:: Problem ::
Only the lines from the beginning of the entries through the one that holds "y empresario firman" may appear in the answer, written out exactly and free of pictures.

Stored data entries
◆ ◆ ◆ ◆ ◆ ◆ ◆

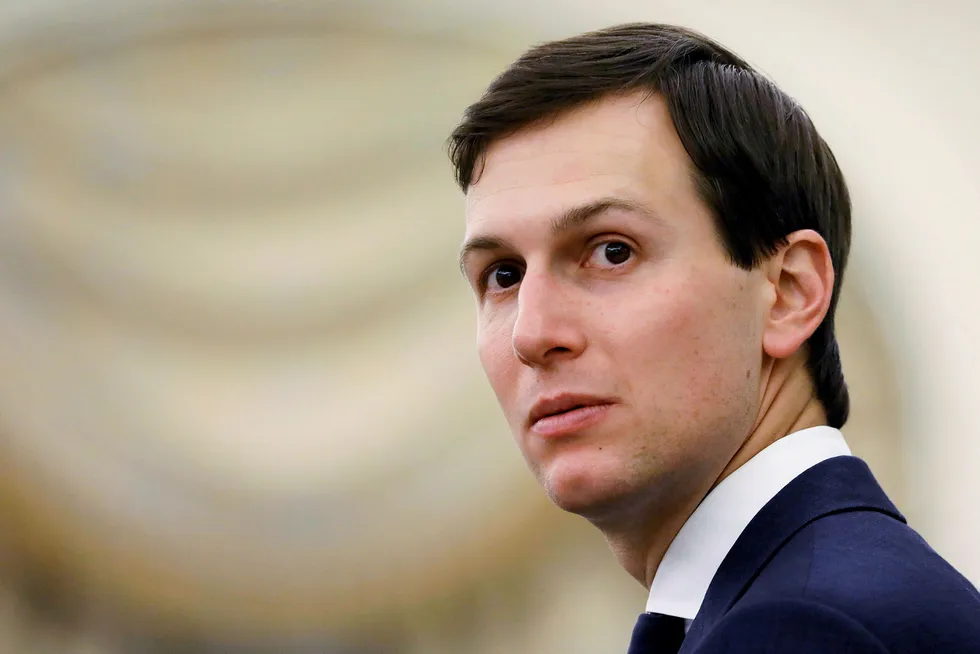 En forretningsforbindelse av Donald Trumps svigersønn, Jared Kushner, knyttes til russiskfinansierte investeringer i Facebook og Twitter. Foto: Jonathan Ernst/Reuters/NTB Scanpix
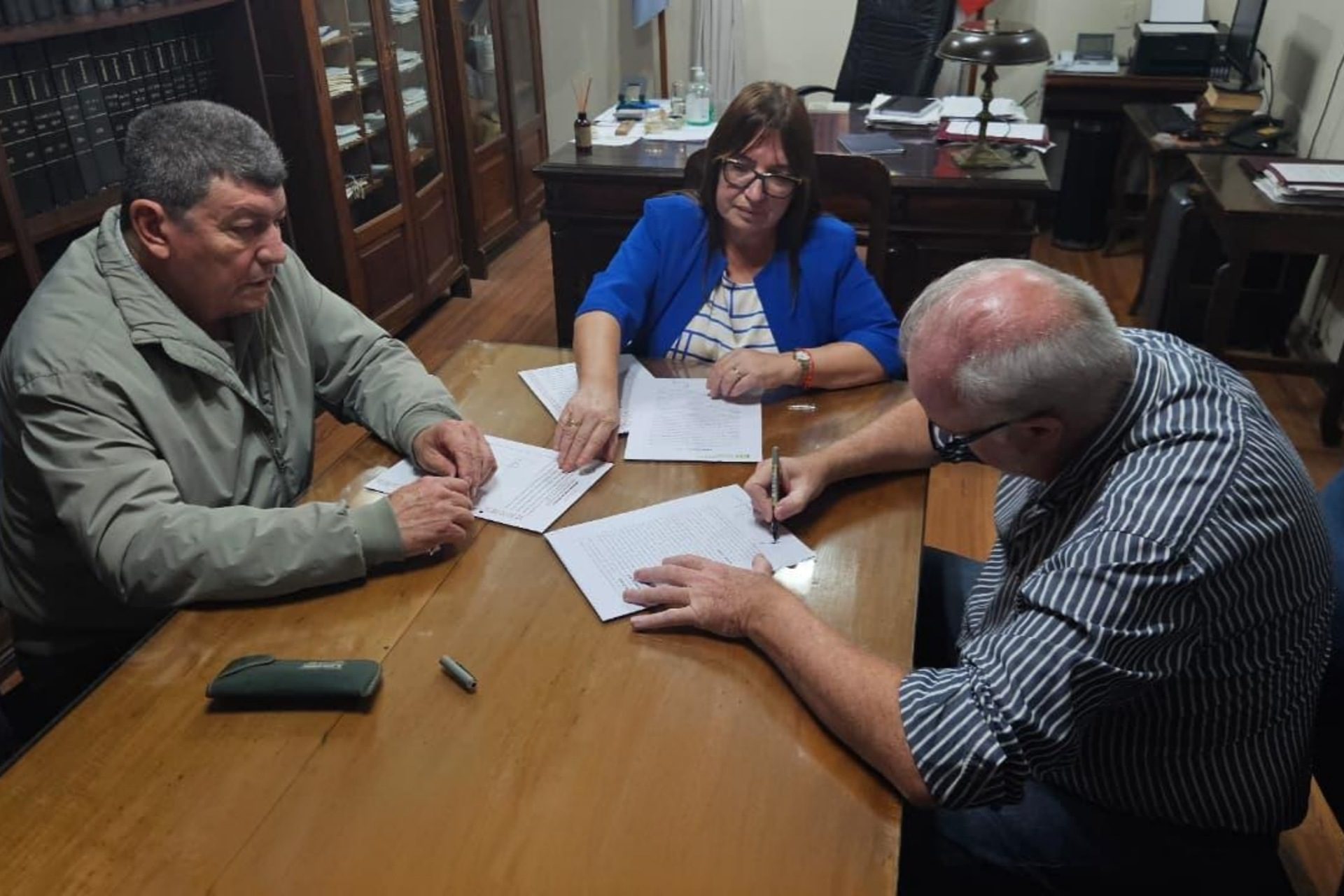 alt="Funcionarios y empresario firman contratos para viviendas en Concordia y Los Conquistadores"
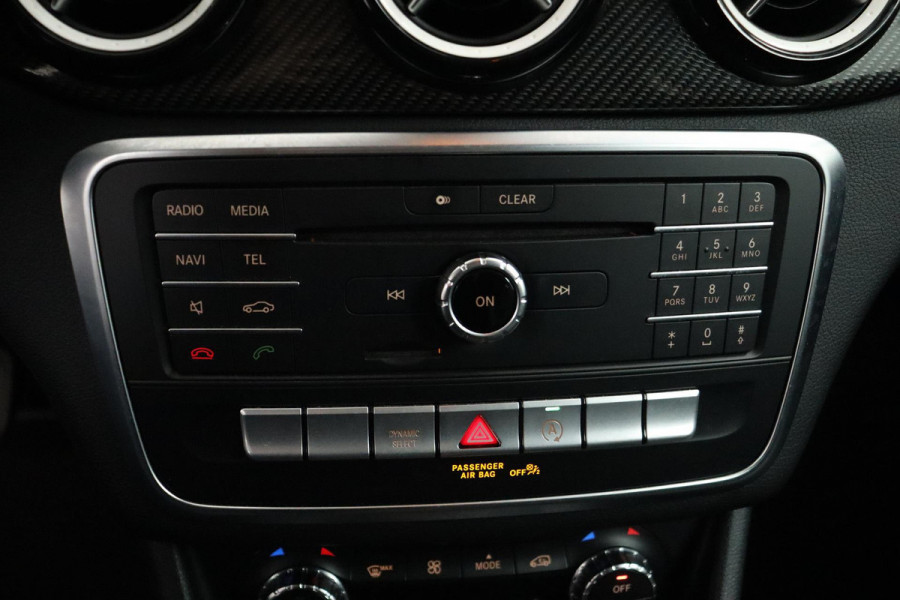 Mercedes-Benz GLA 200 Premium Plus AMG-Line (Dealer onderH, Navi, Camera, Climate Con, Parkeerhulp, Etc)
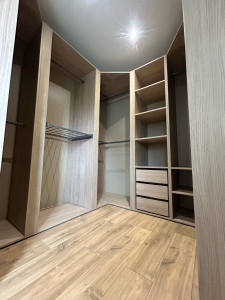 Photo de galerie - Montage dressing sur mesure 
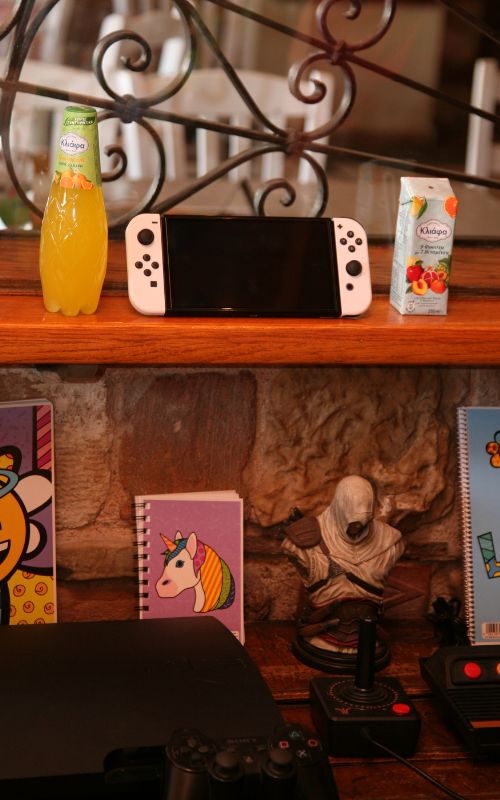 Ένα Nintendo Switch δίπλα σε προϊόντα Κλιάφα και SKAG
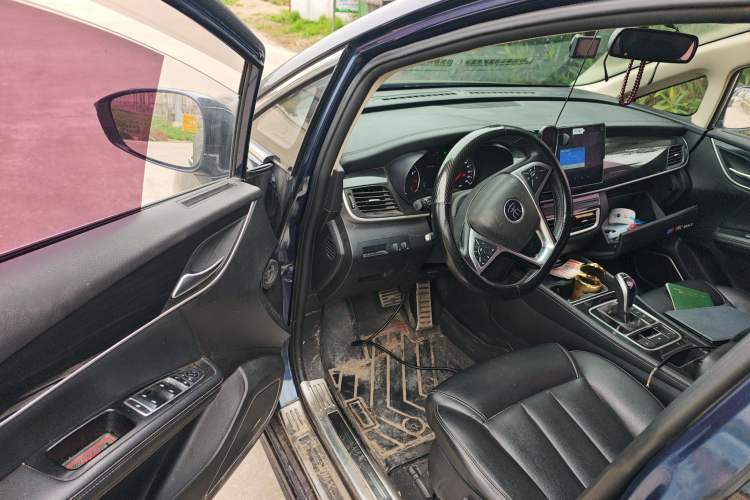 Used BYD Song MAX 2019 1.5T Automatic Smart Connect Ruiyi Sunroof Model 7 Seats China VI Standard
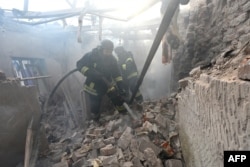 Украинские спасатели на месте атаки беспилотников в Харькове. 22 октября 2025 года.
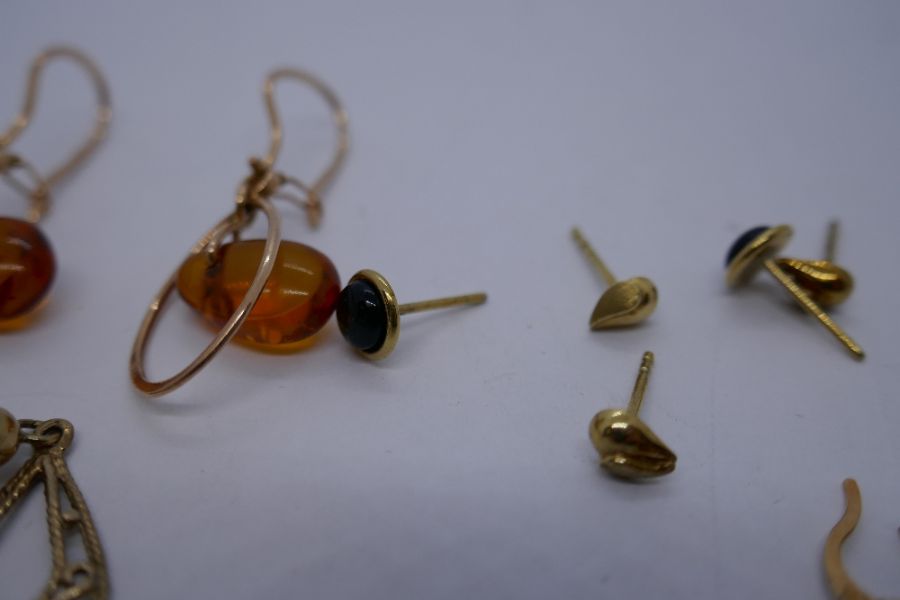 Collection 9ct and yellow metal earrings including hoops, drop examples, set amber coloured stones, - Image 4 of 4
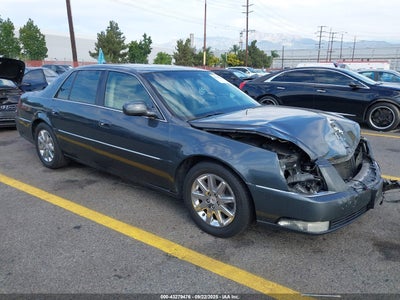 CADILLAC DTS 2011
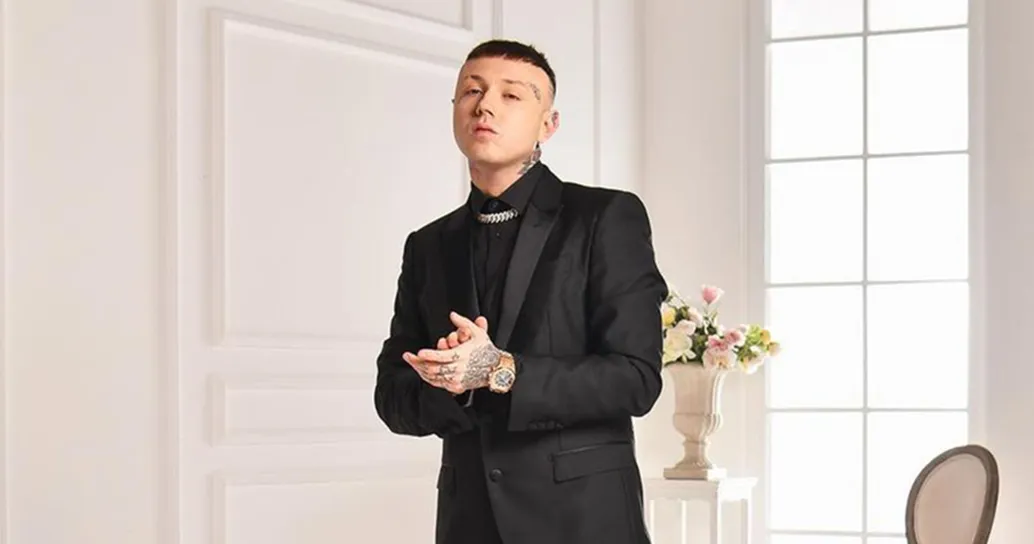 Lazza annuncia il tour nei palazzetti: tutte le date del “Locura tour 2025”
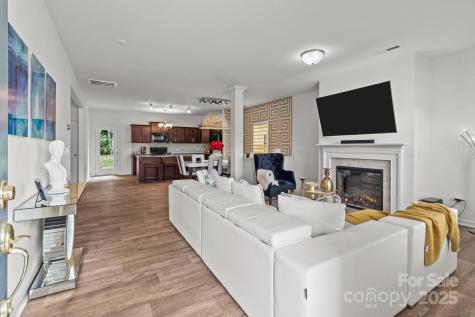 9132 Colwick Hill Lane Charlotte NC 28215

◆ ◆ ◆ ◆ ◆ ◆ ◆

:: Written reply ::
 En forretningsforbindelse av Donald Trumps svigersønn, Jared Kushner, knyttes til russiskfinansierte investeringer i Facebook og Twitter. Foto: Jonathan Ernst/Reuters/NTB Scanpix
 alt="Funcionarios y empresario firman contratos para viviendas en Concordia y Los Conquistadores"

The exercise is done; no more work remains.